Armed with machetes this time to cut through the rhodadendruns, we came across a tunnnel already cut through them, hands and knees stuff for about 50yds through the thick branches.....at the end of the tunnel there stands the Turning Stone. Sadly no longer rocking....looking at it I don't see how it ever did....but it's still a great looking lump of rock.
The 'tunnels' go all the way along Overton Tor, sometimes only a few inches from the edge....and it's along way down. But there was no sign of Robin Hoods Mark.
I've been up on Overton Tor looking for the Turning Stone on and off for a while now.
One of a pair of rocking stones, the other was known as 'Robin Hoods Mark', which was 26ft round and weighed 14 tons. I've never come across a size for the Turning St'.
If they are still rocking, they may be somewhere amongst the mass of Rhododendruns, that run along the edge of the tor. There's just no way thru' them.
The rock carvings at Ashover school are about 1mile away.
There is in the Peak of Derbyshire a very remarkable rocking stone, called by the country people Robin Hood's Mark; it stands on the edge of a declivity near the top of a hill on Ashover common, looking down upon Overton hall, an estate of Sir Joseph Banks, Bart. the respectable President of the Royal Society, who will undoubtedly preserve this curious Druidical monument.
Fig. 1. plate V. represents the South view of this rocking stone, which, from its extraordinary position, evidently appears not only to have been the work of art, but to have been placed with great ingenuity; the two upper stones (a and b) have been shaped to fit exactly with the two upright stones (c and d) on which they rest; and so artfully contrived, that the lower stone (b) moves with the upper stone (a). It measures about 26 feet in circumference.
That this is a Druidical monument formed by art, cannot, I think, be denied; we are assured that the Druids were well skilled in the art of magic, by which the superstitious Britons were led implicitly to believe in the miracles performed by these rocking stones.
At about two hundred yards North of this rocking stone, is a singular shaped rock called the turning stone. See fig. 2. plate V. It stands on the edge of a hill on Ashover common; height nine feet. It was a very ancient practice among the Britons to make three turns round their sacred rocks and fires, according to the course of the sun. Martin, in his account of the Western isles, says, "that in the Isle of Barry there is one stone about seven feet high, and when the inhabitants come near it, they take a religious turn round according to the ancient Druid custom." Hence there is great reason to suppose, that the above-mentioned stone was a rock idol to whom the Druids offered up their devotional rites.

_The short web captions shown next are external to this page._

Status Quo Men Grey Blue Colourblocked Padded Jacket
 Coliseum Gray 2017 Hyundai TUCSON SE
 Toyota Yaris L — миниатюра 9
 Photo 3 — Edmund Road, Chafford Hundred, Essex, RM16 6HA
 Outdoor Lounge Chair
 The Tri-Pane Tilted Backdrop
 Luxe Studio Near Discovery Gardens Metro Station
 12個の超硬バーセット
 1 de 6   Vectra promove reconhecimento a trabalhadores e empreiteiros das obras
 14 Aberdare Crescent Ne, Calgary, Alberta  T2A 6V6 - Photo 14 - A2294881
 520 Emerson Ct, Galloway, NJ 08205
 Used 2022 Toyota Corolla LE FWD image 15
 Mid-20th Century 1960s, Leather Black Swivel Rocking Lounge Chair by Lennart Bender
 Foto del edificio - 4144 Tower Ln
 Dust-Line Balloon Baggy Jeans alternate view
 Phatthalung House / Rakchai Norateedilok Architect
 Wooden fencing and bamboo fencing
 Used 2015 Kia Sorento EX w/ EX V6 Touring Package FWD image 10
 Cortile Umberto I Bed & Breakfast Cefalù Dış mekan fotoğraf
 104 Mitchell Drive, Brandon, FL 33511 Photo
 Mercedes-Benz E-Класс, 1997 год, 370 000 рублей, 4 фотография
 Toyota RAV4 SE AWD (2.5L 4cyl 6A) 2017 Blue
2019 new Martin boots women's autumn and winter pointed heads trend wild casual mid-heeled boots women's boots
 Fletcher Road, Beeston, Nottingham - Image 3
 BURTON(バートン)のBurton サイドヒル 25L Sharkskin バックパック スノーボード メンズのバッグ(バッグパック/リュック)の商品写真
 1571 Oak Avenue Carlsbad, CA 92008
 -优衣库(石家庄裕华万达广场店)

From 'An Account of the Druidical Remains in Derbyshire. In a Letter to the Right Honourable Frederick Montague, FAS. By Hayman Rooke, Esq. FAS.' In Archaeologia v12 (1796).
"On the declivity of a hill on Ashover Common is a rocking stone, called by the people 'Robin Hood's Mark' which measures 26 feet in circumference, and from its extraordinary position evidently not only appears to have been a work of art, but to have been placed with great ingenuity. About 200 yards to the north of this is a singularly-shaped rock, called the 'Turning stone', in height 9 feet, supposed by Mr Rooke to have been a rock idol..."
T. Bateman "Vesitiges of the Antiquities of Derbyshire.
Robin Hoods Mark is due south of the Turning Stone, on it's own, between the outcrops of Overton Tor and Cocking Tor. It has been wedged to prevent it from rocking. The Turning Stone never was a rocking stone.
There doesn't seem to be many references to these rocking stones I first came across it on a geological map of Matlock;
In Bulmers 'History of Derbyshire' from 1895 he mentions the two stones..
"As being some way connected with Druidical worship".
Also the 'Gentlemans Library'. In their Derbyshire guide under ' Ancient State and Remains" the stones are one of the few sites mentioned. Along with Arbor Low and the infamous Hirst Stones at Riber.